WHAT IS NEEDED:
Reproduce word for word the lines between those holding "PawHut Cat House, Outdoor" and "Tutte le parti", inclusive, and nothing else from the data below.

PROVIDED DATA:
◆ ◆ ◆ ◆ ◆

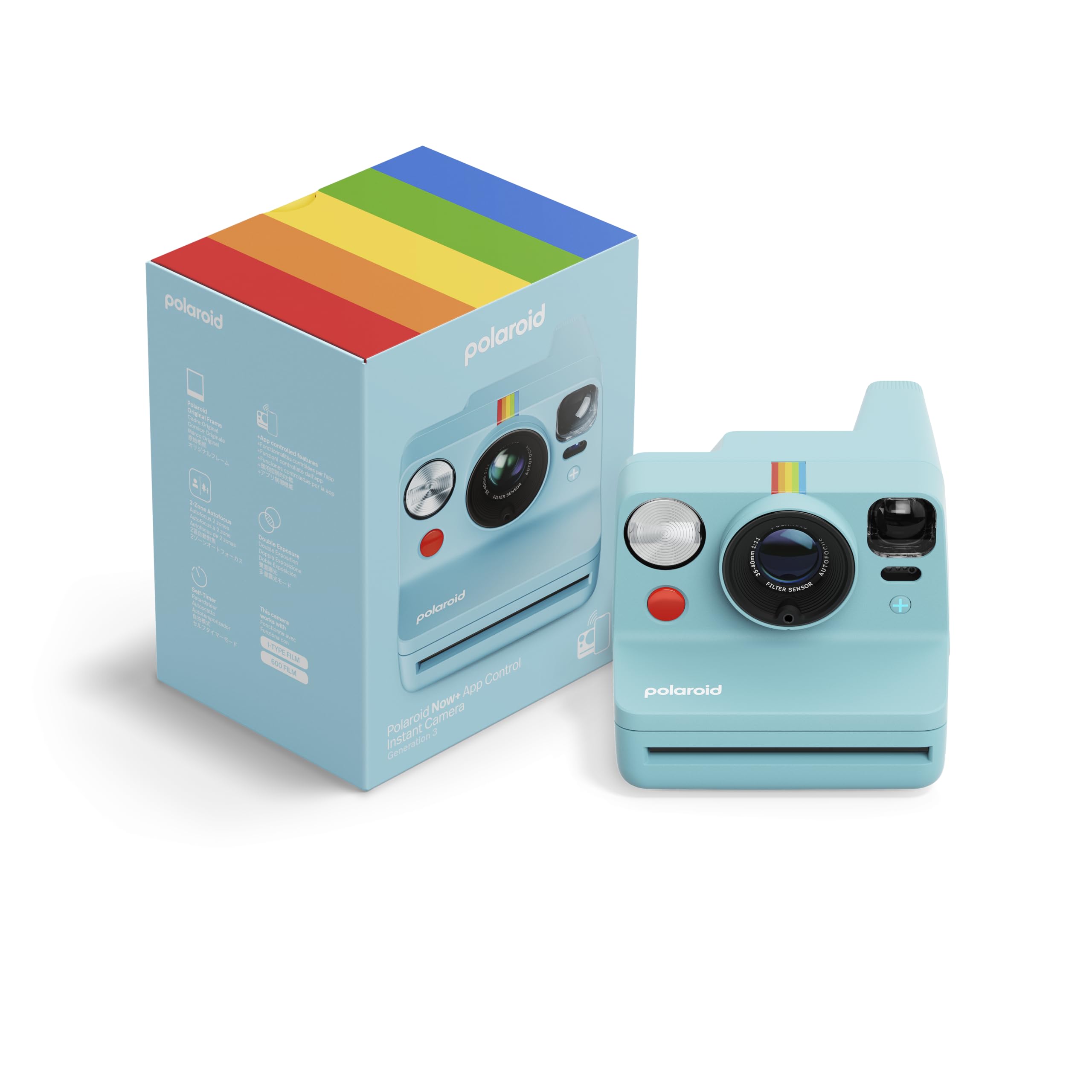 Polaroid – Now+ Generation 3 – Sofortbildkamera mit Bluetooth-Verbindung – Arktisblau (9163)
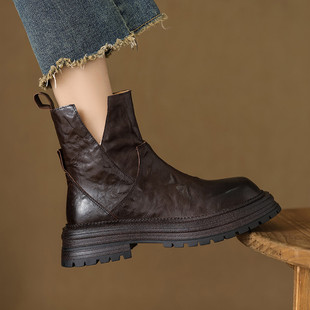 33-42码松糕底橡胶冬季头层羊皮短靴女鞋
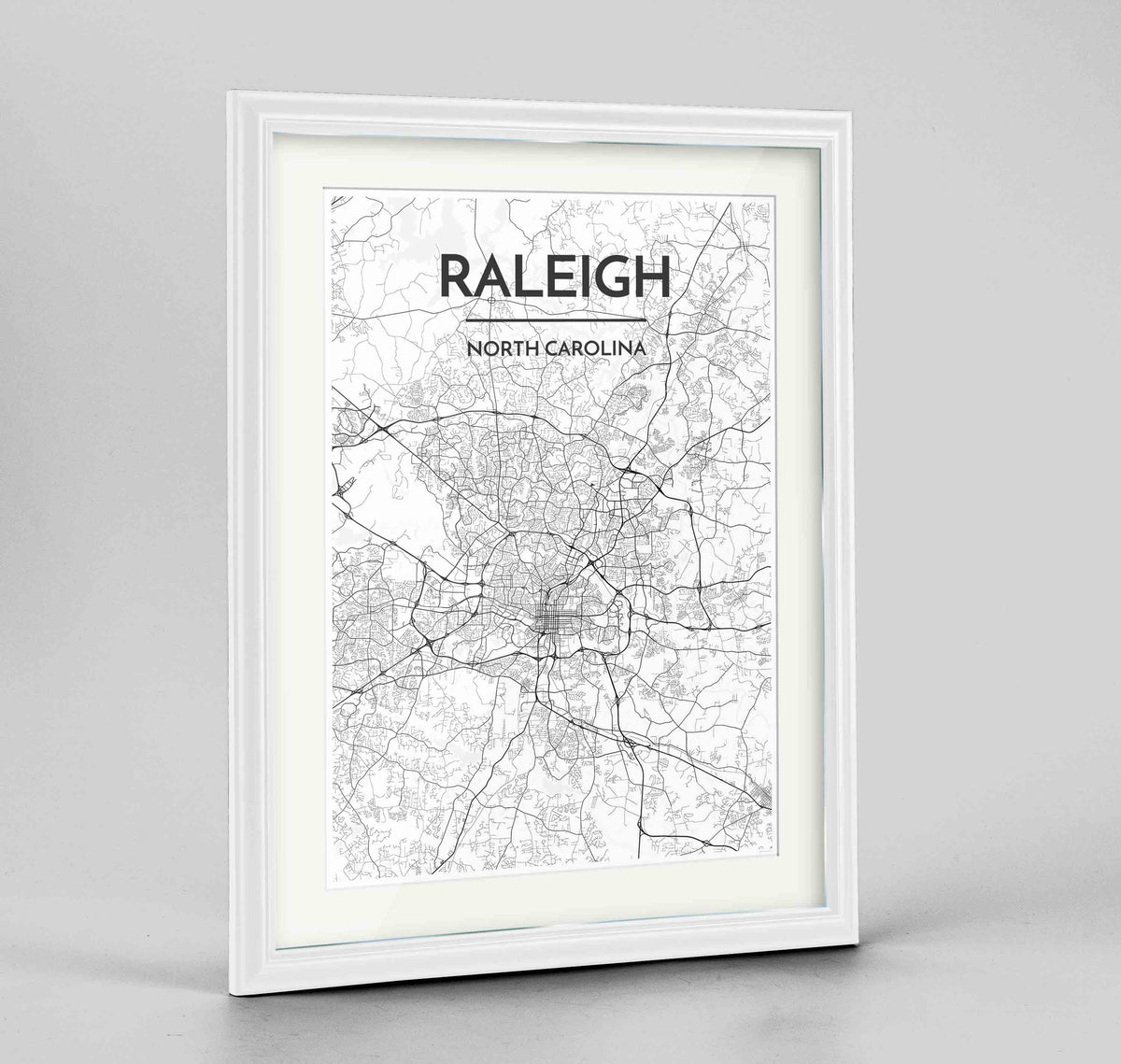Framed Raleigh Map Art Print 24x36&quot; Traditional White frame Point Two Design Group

◆ ◆ ◆ ◆ ◆

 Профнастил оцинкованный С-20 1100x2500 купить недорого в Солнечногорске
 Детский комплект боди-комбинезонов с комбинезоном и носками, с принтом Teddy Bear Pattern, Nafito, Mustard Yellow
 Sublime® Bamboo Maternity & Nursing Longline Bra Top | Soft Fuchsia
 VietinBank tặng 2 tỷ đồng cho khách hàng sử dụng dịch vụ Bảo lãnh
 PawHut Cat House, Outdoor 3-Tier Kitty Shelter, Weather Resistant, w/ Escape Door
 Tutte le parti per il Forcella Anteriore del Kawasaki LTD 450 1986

◆ ◆ ◆ ◆ ◆

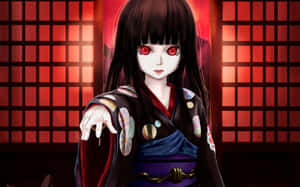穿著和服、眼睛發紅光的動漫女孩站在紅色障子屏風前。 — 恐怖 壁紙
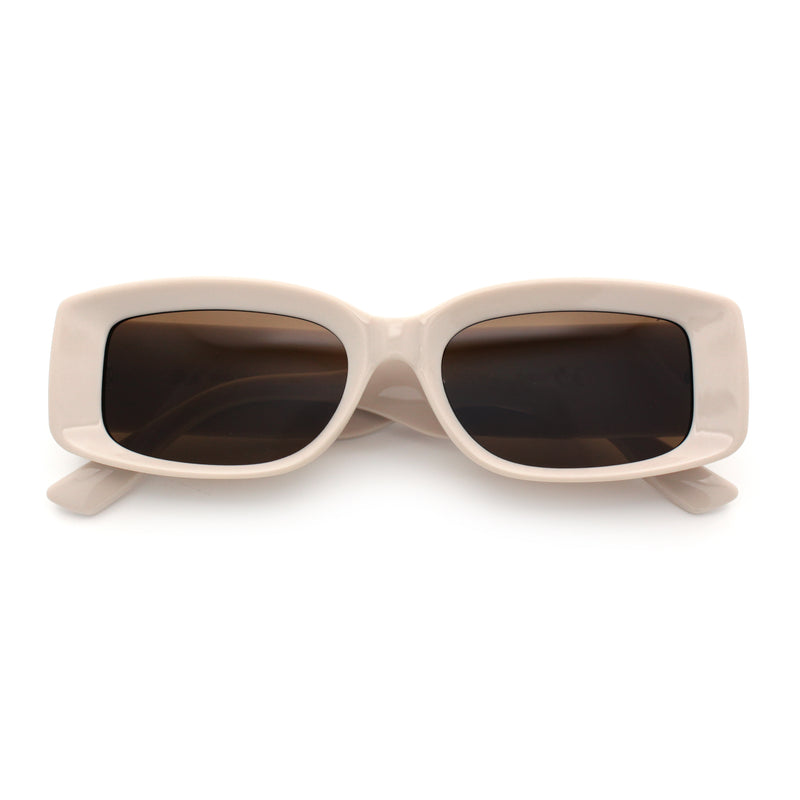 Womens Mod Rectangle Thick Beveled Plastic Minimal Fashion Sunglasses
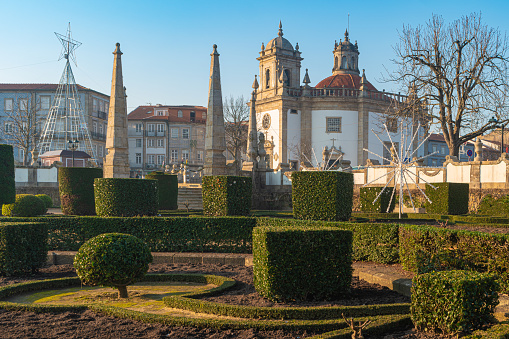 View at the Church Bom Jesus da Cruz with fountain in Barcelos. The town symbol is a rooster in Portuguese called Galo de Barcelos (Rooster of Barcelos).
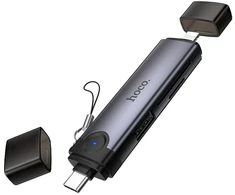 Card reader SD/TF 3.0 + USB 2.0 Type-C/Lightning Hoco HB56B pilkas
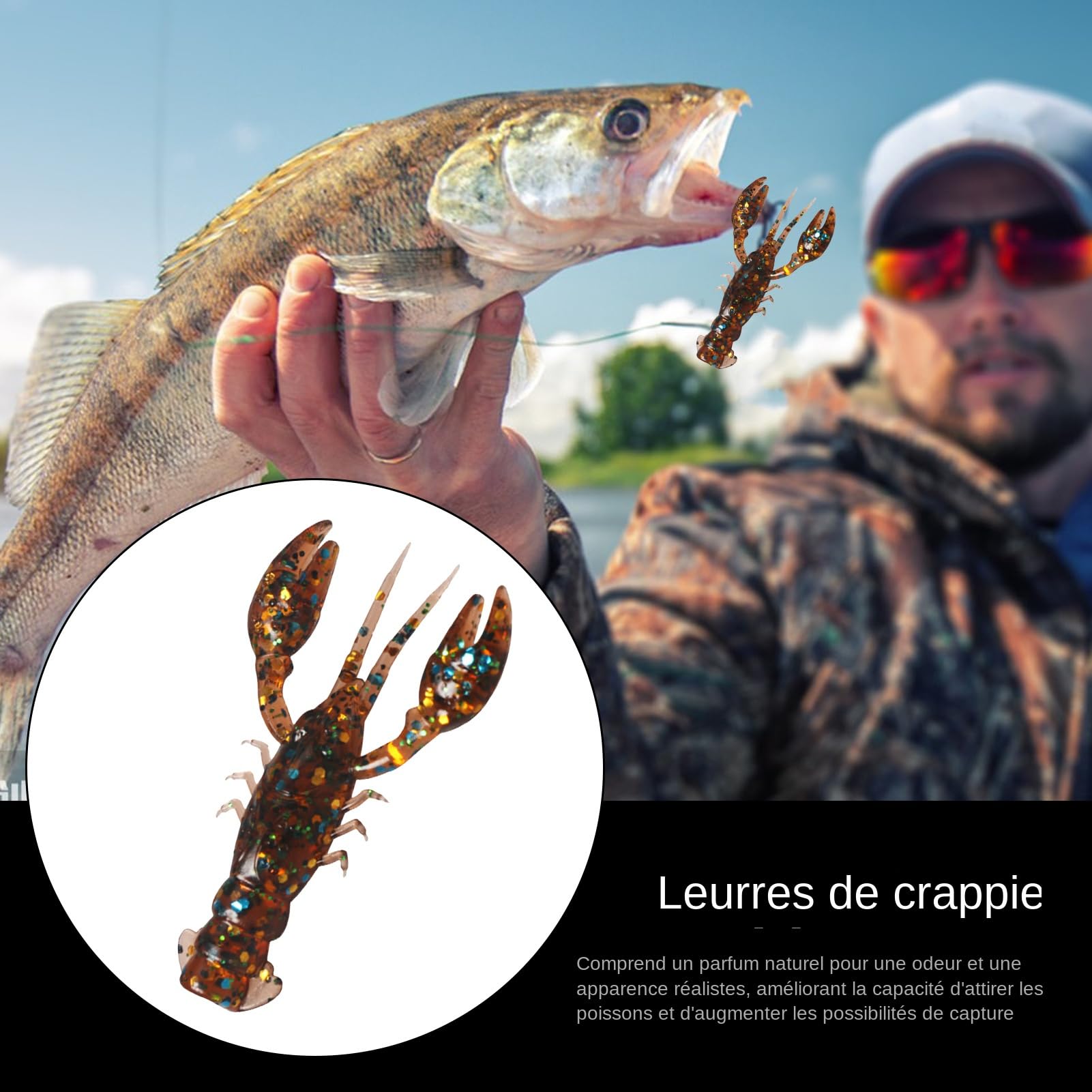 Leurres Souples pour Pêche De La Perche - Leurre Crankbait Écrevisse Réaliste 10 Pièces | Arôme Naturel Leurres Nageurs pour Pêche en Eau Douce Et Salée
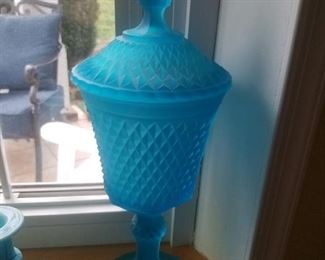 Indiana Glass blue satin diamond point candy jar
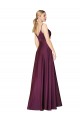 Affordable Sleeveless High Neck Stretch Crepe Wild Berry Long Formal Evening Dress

◆ ◆ ◆ ◆ ◆

FINISHED TASK:
 PawHut Cat House, Outdoor 3-Tier Kitty Shelter, Weather Resistant, w/ Escape Door
 Tutte le parti per il Forcella Anteriore del Kawasaki LTD 450 1986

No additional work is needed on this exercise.